Entretanto, Anielle relatou como se sentiu ao longo das investidas de Almeida, explicando que as “atitudes inconvenientes” começaram já em dezembro de 2022.
– Por um tempo, quis acreditar que estava enganada, que não era real, até entender e cair a ficha sobre o que estava acontecendo. Fiquei sem dormir várias noites. Eu só queria trabalhar, focar na missão, no propósito e em toda a responsabilidade que se tem quando se assume um cargo como o meu. Mas não conseguia. (…) Fico me perguntando o tempo todo por que não reagi na hora, por que não denunciei imediatamente, por que fiquei paralisada. Me culpei muito pela falta de reação imediata, e essas dúvidas ficaram me assombrando – afirma.
Anielle se descreve como uma “pessoa que sempre teve muita fé” e que acreditava que, “em algum momento aquilo acabaria”. Contudo, o toque íntimo durante a reunião entre ministros deu a ela o impulso necessário para agir. Ela afirma ter chamado Almeida em particular, expressado seu incômodo, e ouvido da parte dele um pedido de desculpas. Entretanto, ao se despedirem, ele teria sussurrado em seu ouvido palavras chulas.
– Na rua, em casa, no trabalho, conviver com assédio é violento demais para qualquer mulher.

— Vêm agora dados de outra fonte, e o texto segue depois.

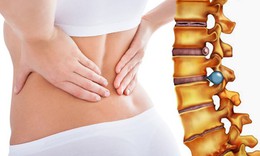 Dấu hiệu nhận biết thoát vị đĩa đệm vùng thắt lưng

É um tipo de violência que machuca a gente emocional e psicologicamente. São marcas que ficam por muitos anos. Mudam a forma como a gente anda na rua, como a gente fala, se movimenta – refletiu.
A irmã da ex-vereadora Marielle Franco (PSOL-RJ) disse ainda que, quando o caso veio à tona na mídia, ela se sentiu ainda mais “vulnerável”.
– Fiquei em silêncio, porque tudo aquilo era muito violento. Estava atravessada pela forma como as notícias saíram e pelo cerco dos jornalistas. Sei que vivemos nesse mundo de internet, em que tudo é muito rápido e todo mundo quer saber de tudo, mas nenhuma vítima, de qualquer tipo de violência que seja, tem a obrigação de se expor, falar quando as pessoas querem que ela fale. As vítimas têm de falar na hora em que elas se sentirem confortáveis – pontuou.
Questionada sobre a foto em que a primeira-dama Janja da Silva aparece beijando a sua testa após as revelações envolvendo os casos de assédio, Anielle disse que a esposa do presidente Luiz Inácio Lula da Silva (PT) é uma “grande companheira de luta”, “amiga e parceira”.
Por fim, ela incentivou as vítimas de violência de gênero e raça a criarem “coragem para romper o ciclo do silêncio, buscando ajuda ou alguém de confiança que possa nos apoiar para atravessar a situação” e disse esperar que sua experiência ajude a fortalecer mulheres que estejam passando por situações similares à que viveu.